WHAT THE TASK ASKS: Exclude the pictures from your copy, and reproduce each entry below verbatim.

DATA:
Start of Block
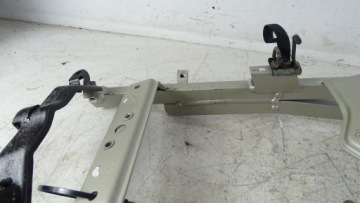 Kawasaki Ninja ZX-6R ZX6R 600 98-00 Рама хвостового багажника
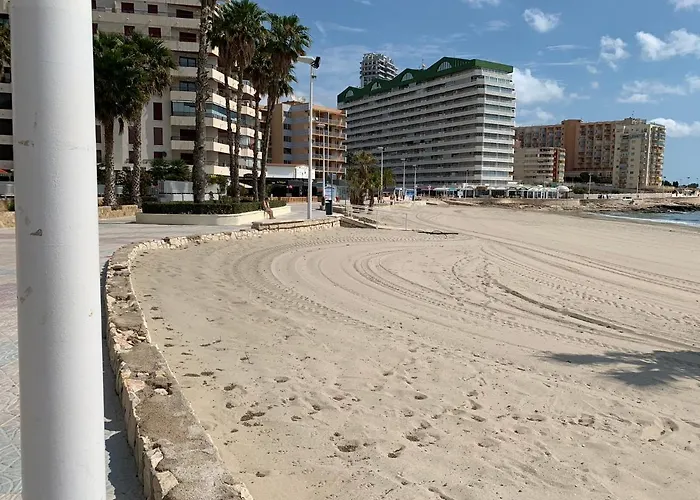 Service Lazaro- Aguamarina 46 Lejlighed *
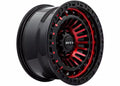 RTX black auto part
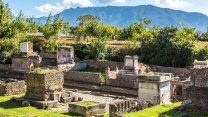 A Pompei riaffiora l’armadio di una donna che non tornò più: al suo interno i ricordi di una vita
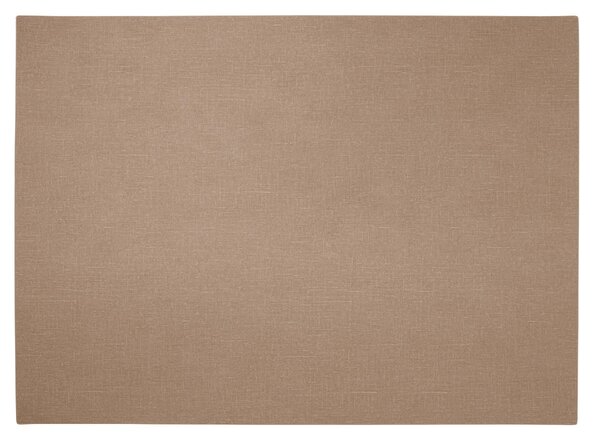 ASA Selection Prostírání STRUCTURED OPTIC 33 x 46 cm, světle hnědé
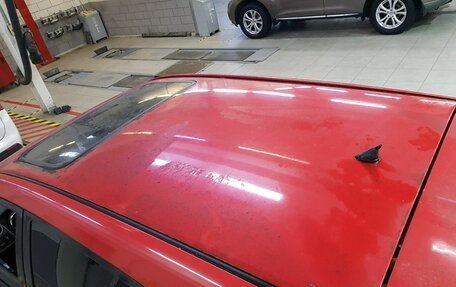 Toyota Matrix, 2004 год, 580 000 рублей, 9 фотография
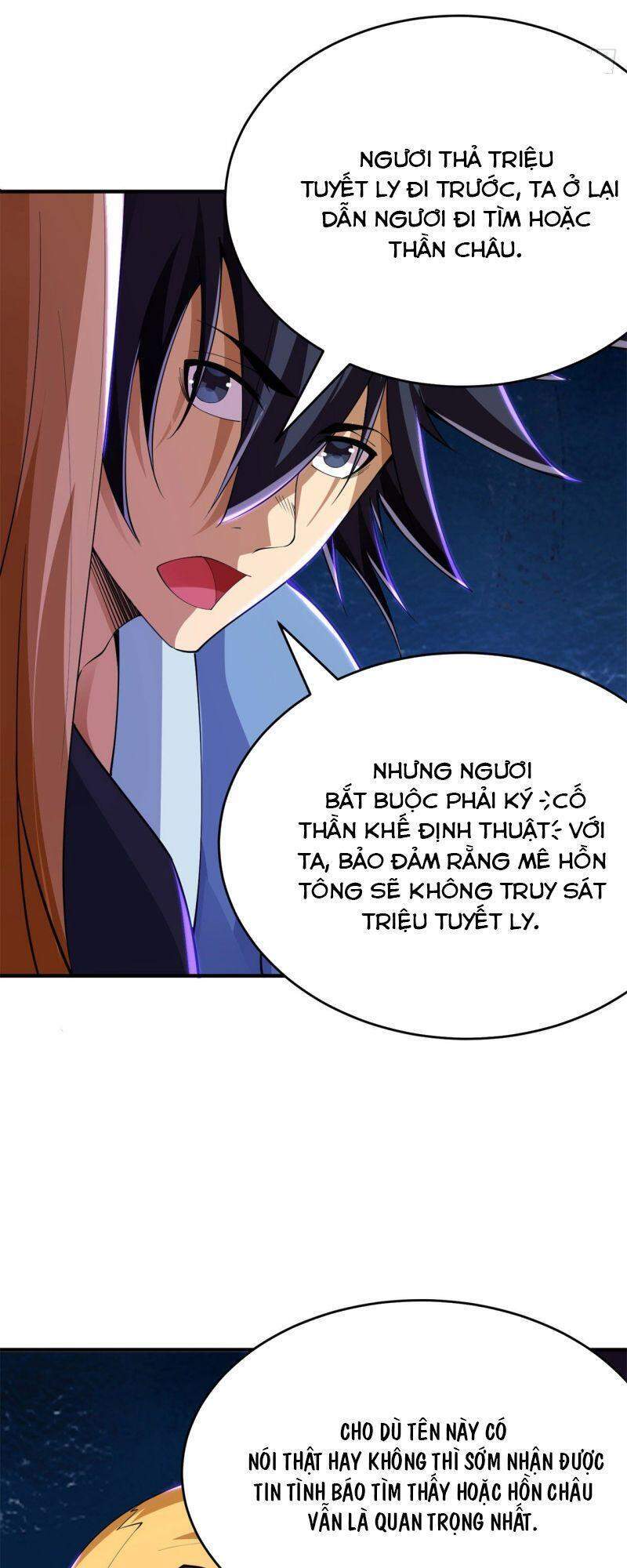 Ta Chỉ Muốn Bị Các Vị Đánh Chết Chapter 24 - Trang 2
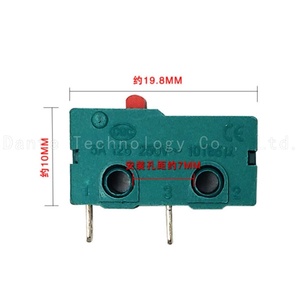 ملحقات تبديل زنبرك صغيرة متينة لشعلة اللحام ولمسدس قطع البلازما هيكل مفتاح أساسي - Product Image 5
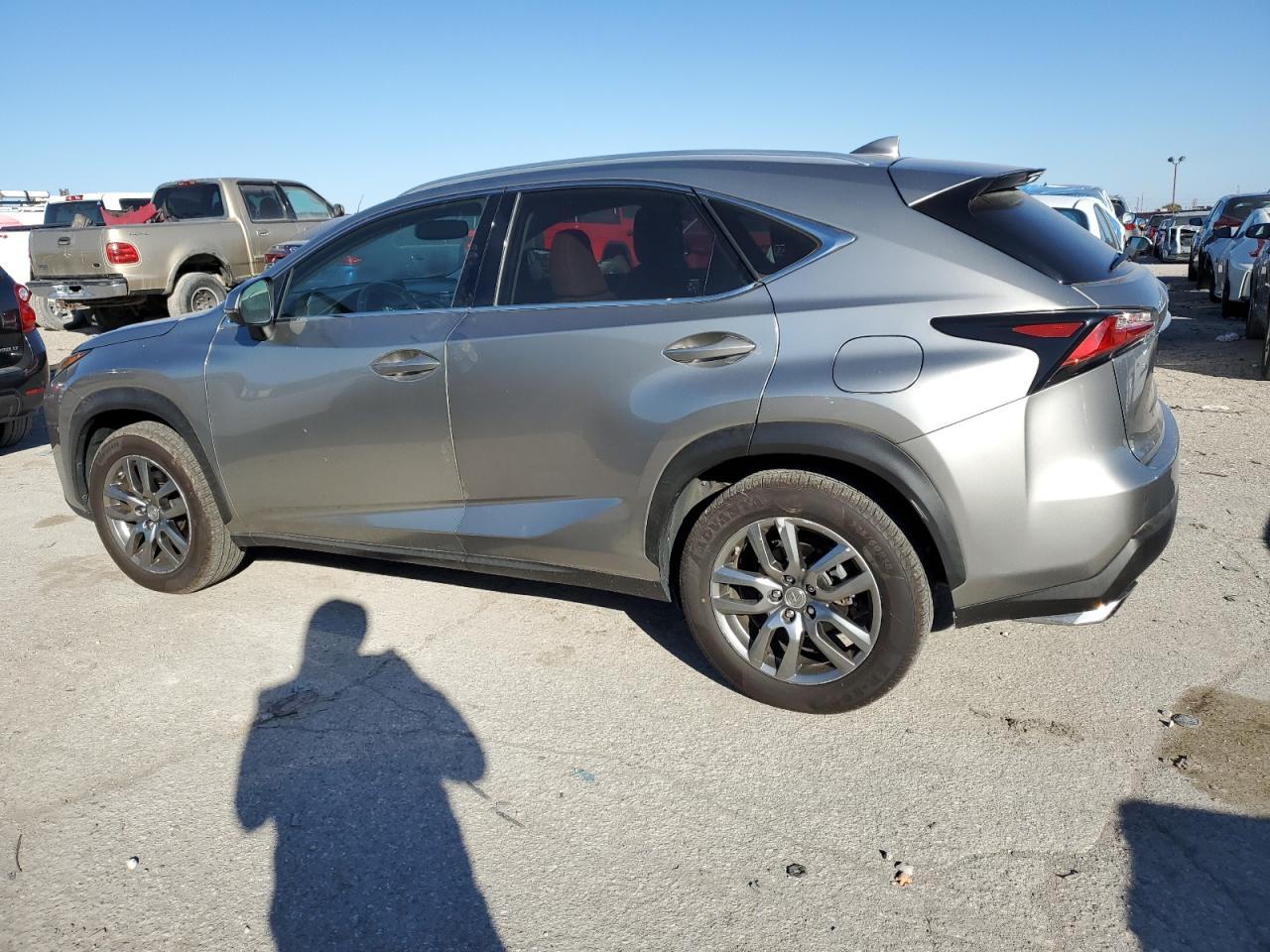 2015 Lexus Nx 200T - Фото 2
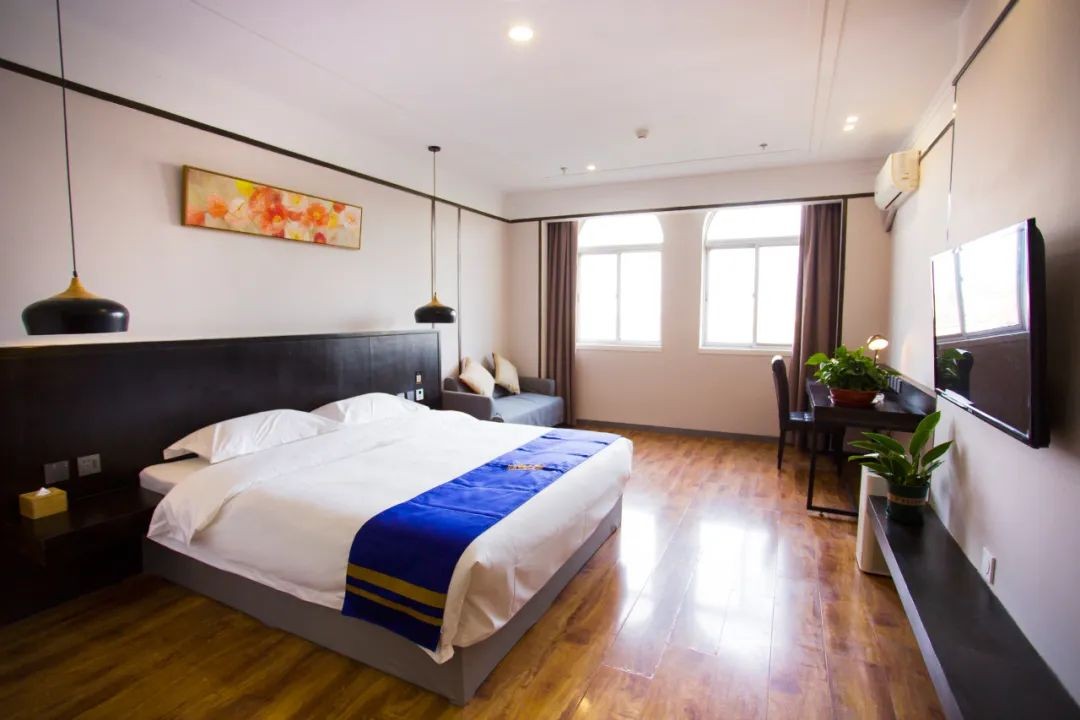 速8酒店丨在潍坊青州古城，有一颗“海岱明珠”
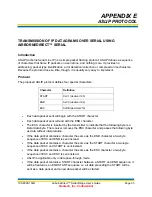 Preview for 101 page of Quatech AirborneDirect ABDB-SE Series User Manual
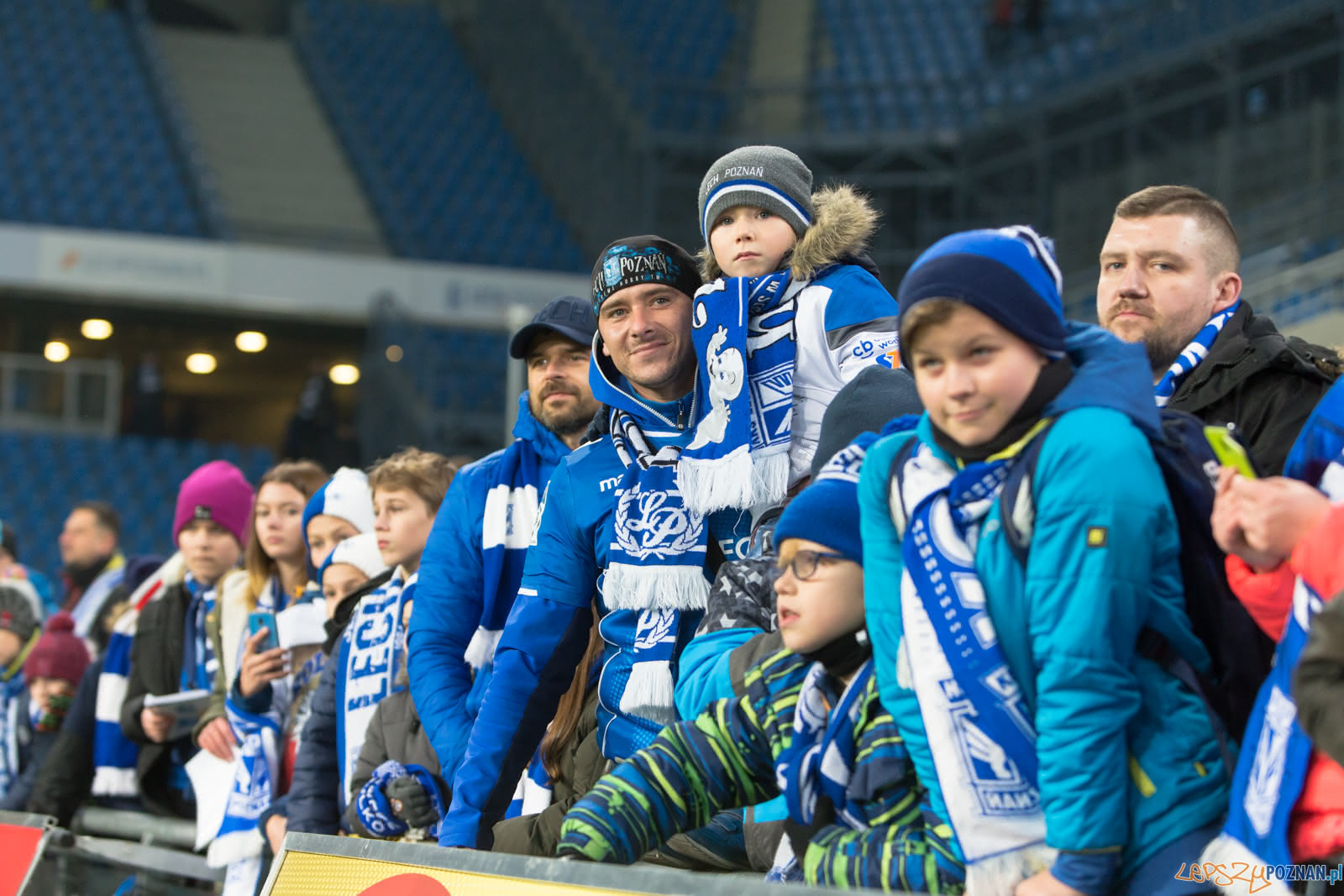 Lech Poznań - Wisła Płock (najlepsi kibice na świecie) Foto: lepszyPOZNAN.pl/Piotr Rychter Lech Poznań - Wisła Płock (najlepsi kibice na świecie) Foto: lepszyPOZNAN.pl/Piotr Rychter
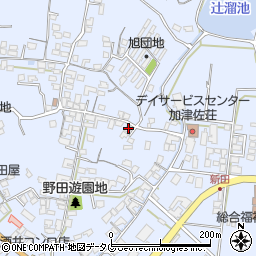 長崎県南島原市加津佐町乙640周辺の地図
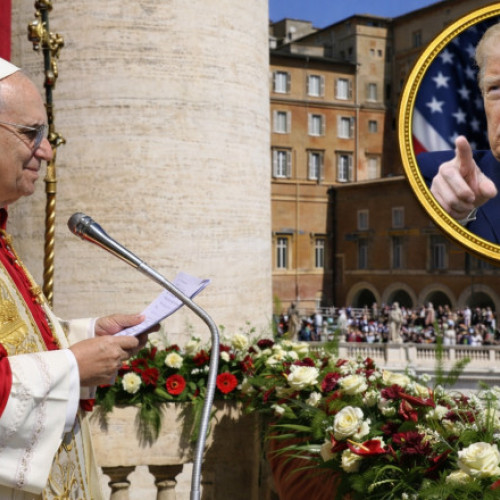 Tensiuni între administrația Trump și Vatican pe fondul politicii externe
End of Block
TASK ANSWER:
 Kawasaki Ninja ZX-6R ZX6R 600 98-00 Рама хвостового багажника
 Service Lazaro- Aguamarina 46 Lejlighed *
 RTX black auto part
 A Pompei riaffiora l’armadio di una donna che non tornò più: al suo interno i ricordi di una vita
 ASA Selection Prostírání STRUCTURED OPTIC 33 x 46 cm, světle hnědé
 Toyota Matrix, 2004 год, 580 000 рублей, 9 фотография
 Ta Chỉ Muốn Bị Các Vị Đánh Chết Chapter 24 - Trang 2
 ملحقات تبديل زنبرك صغيرة متينة لشعلة اللحام ولمسدس قطع البلازما هيكل مفتاح أساسي - Product Image 5
 2015 Lexus Nx 200T - Фото 2
 速8酒店丨在潍坊青州古城，有一颗“海岱明珠”
 Preview for 101 page of Quatech AirborneDirect ABDB-SE Series User Manual
 Lech Poznań - Wisła Płock (najlepsi kibice na świecie) Foto: lepszyPOZNAN.pl/Piotr Rychter Lech Poznań - Wisła Płock (najlepsi kibice na świecie) Foto: lepszyPOZNAN.pl/Piotr Rychter
 長崎県南島原市加津佐町乙640周辺の地図
 Tensiuni între administrația Trump și Vatican pe fondul politicii externe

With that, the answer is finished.